Das schlimmste Erlebnis für einen ungen bzw. Mann ist, dass man behauptet, er sei kein richtiger Mann. Daher der boshafte 68er Satz: Ein Mann hat keine Angst, außer der Angst, kein richtiger Mann zu sein. Ein nagender Zweifel frisst also in jedem Mann, ob er auch wirklich als „Mann!“ angesehen wird. Und jder befürchtet, dass man anzweifeln könnte, dass man ein richtiger Mann sei.
 
Zwischenstufen
Zwischen dem gesellschaftlich vorgegebenen Bild des Mannes und der Frau existieren zahlreiche körperlich auffällige Zwischenstufen, die schon unmittelbar nach der Geburt in vielen Ländern zu körperlich eindeutigen Frauen operiert werden. Sie werden derzeit Intersexuelle genannt oder früher Hermaphroditen bzw. im Volksmund Zwitter.

Ob es sich nun um chirurgisch verstümmelte Intersexuelle handelt oder um nicht verstümmelte, ihre jeweilige sexuelle Identität kann unter dem vorherrschenden Zwang, eindeutig dem Leitbild der Frau (oder des Mannes) zu gleichen, nicht „ihrer Natur“ entsprechen.

Interessant ist in diesem Zusammenhang, dass Intersexuelle eben nicht zu Männern, sondern zu Nichtmännern, also zu Frauen operiert wurden und teilweise noch heute werden.

So wie es körperlich erkennbare Zwischenstufen gibt, gibt es auch im Bereich des Psychischen, der Identität von Menschen, recht unterschiedliche Zwischenstufen zwischen den Geschlechterrollen von Menschen, die sich dies eben-falls nicht selber ausgesucht haben.
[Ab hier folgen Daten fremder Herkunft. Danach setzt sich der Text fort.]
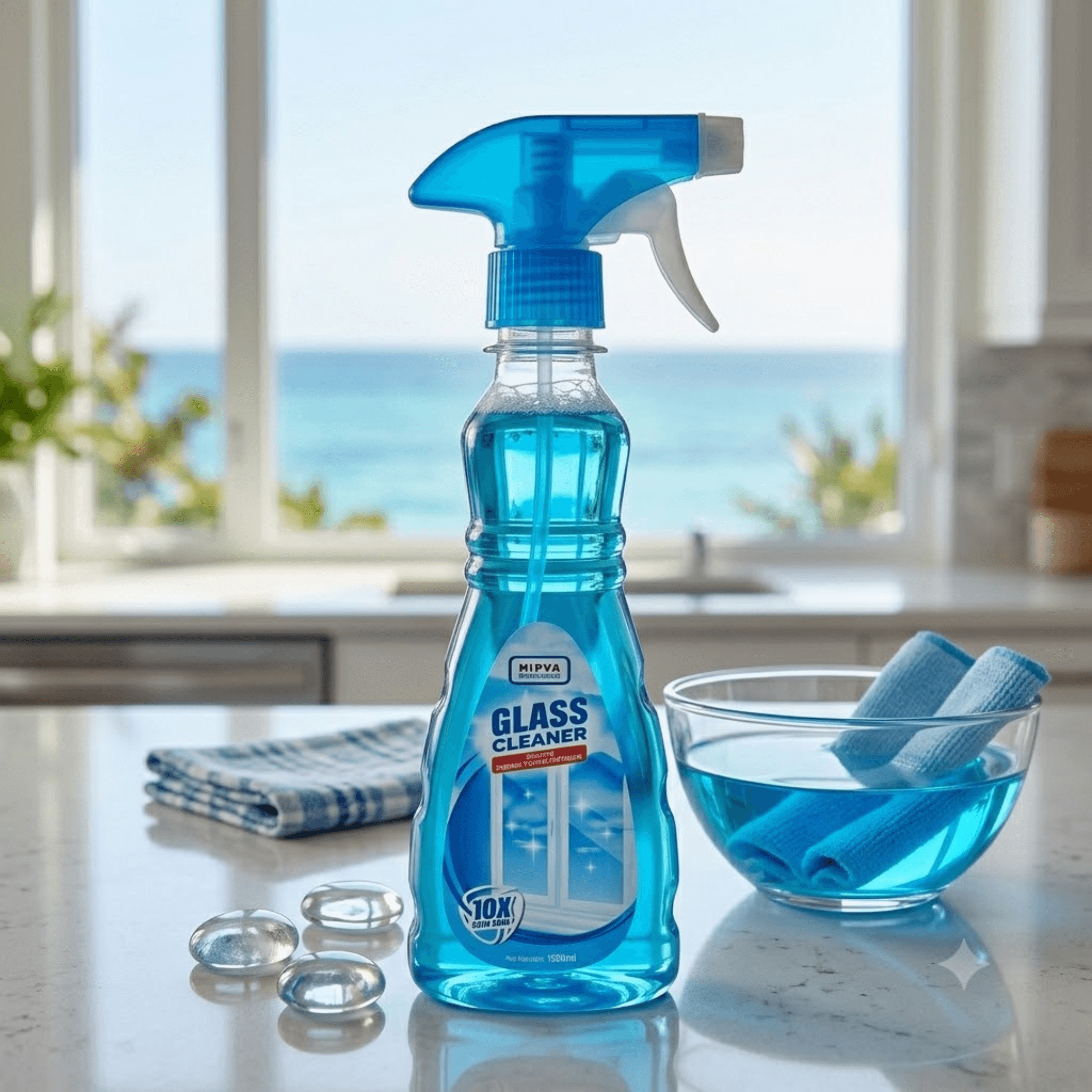 Nirva Glass Cleaner 250ml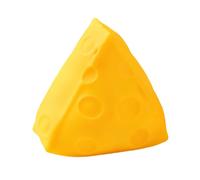 Käse Stressball Squishy - Realistisches Käsedesign Antistress, Weiches TPR Quetschspielzeug Gelb, Sensorisch Ungiftig Fidget Spielzeug, Büro Schreibtisch Stressabbau Käseform | für Alle Altersgruppen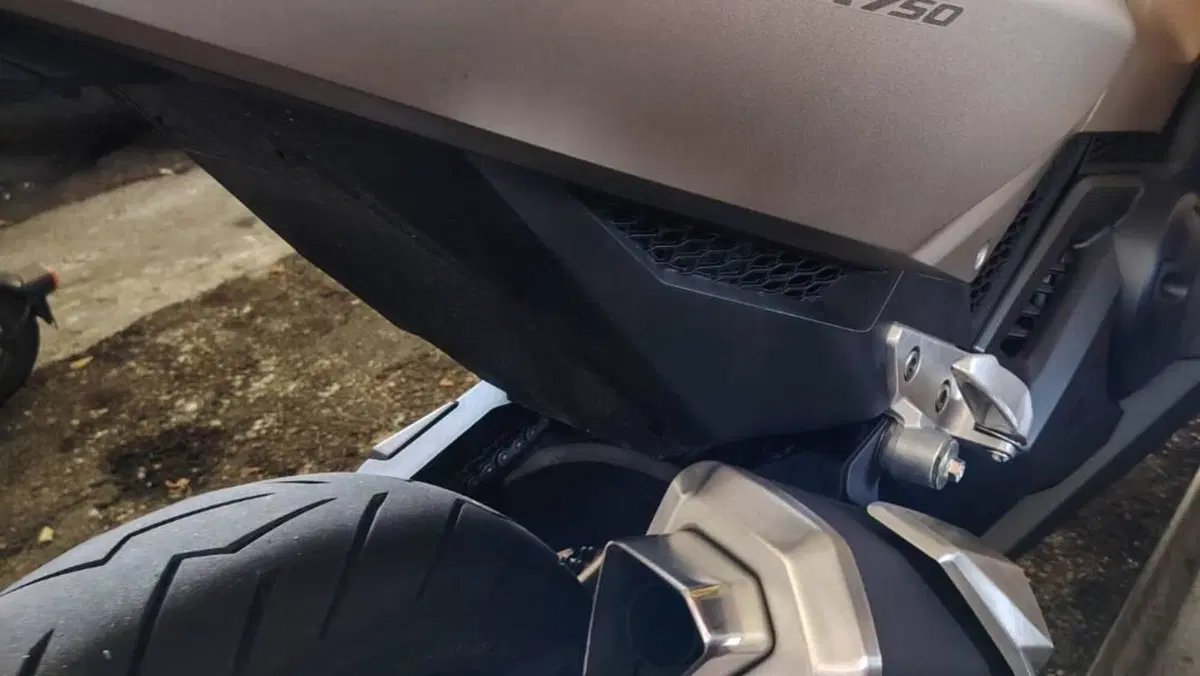 Honda Forza 750 (2025 - 26)  (5)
Die Tatsache der Existenz solcher Zwischenstufen ist aber im übrigen nicht in der Lage, die sexuelle Ausrichtung von homosexuellen Menschen zu erklären. Es gibt sowohl heterosexuell wie homosexuell ausgerichtete Menschen bzw. in diesen Identitäten und in allen Formen dieser Zwischenstufen.
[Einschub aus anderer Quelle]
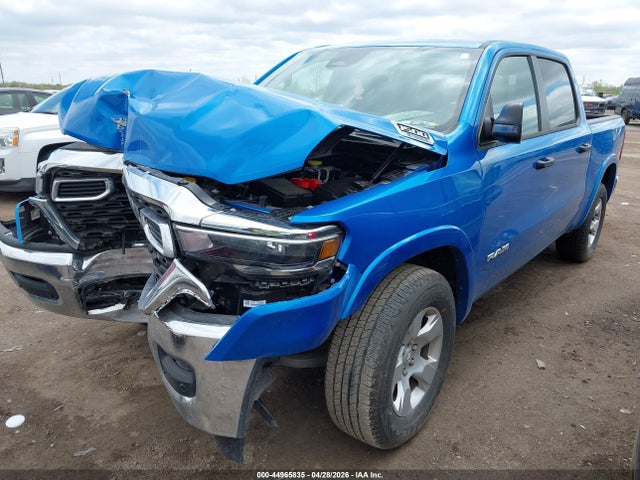 Продаж на аукціоні авто 2025 Ram 1500 Big Horn  4x4 5'7 Box, vin: 1C6RRFFG2SN694272, номер лоту: 44965835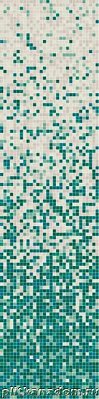 Trend Растяжки Peppermint Mix 01-24 Мозаика 31,6x252 (2х2) см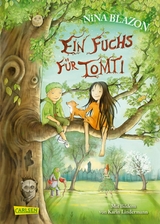 Ein Fuchs für Tomti -  Nina Blazon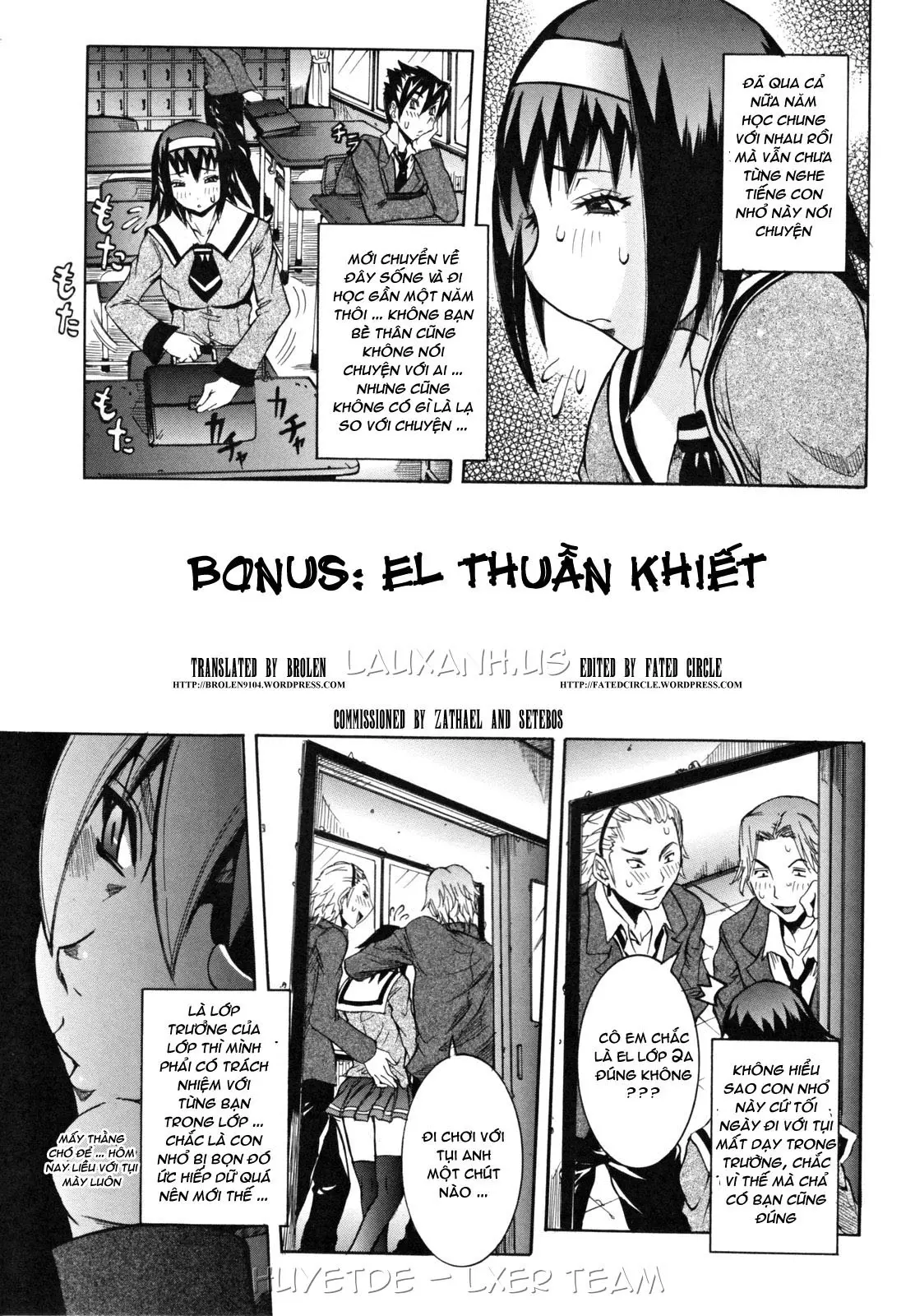 Tenshi no Kagai Jugyou - Full trang 199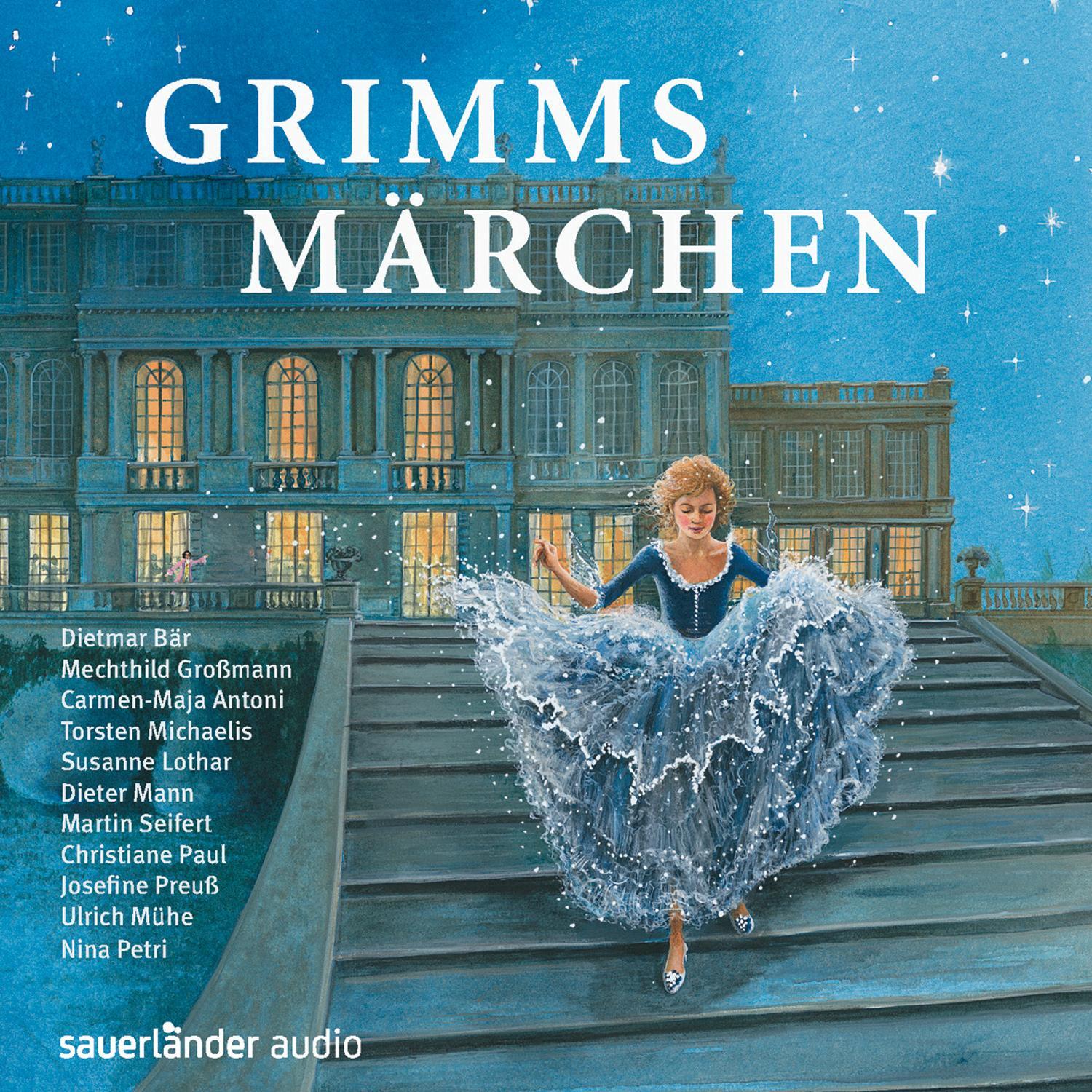 Cover: 9783839846612 | Grimms Märchen | Audio-CD | 332 Min. | Deutsch | 2011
Homosexuelle Menschen sind wohl überhaupt nicht den sexuellen Zwischenstufen zuzurechnen, es handelt sich hier eher um einen völlig anderen gesellschaftlichen Zusammenhang, der auch bei anderen Säugetieren in der Natur zu beobachten ist.

Und so ist unabhängig von der jeweiligen körperlichen Beschaffenheit die sexuelle Ausrichtung auch nicht unbedingt mit der Vorgabe übereinstimmend, die die menschliche Gesellschaft von Menschen und Tieren als sexuelle Ausrichtung verlangt.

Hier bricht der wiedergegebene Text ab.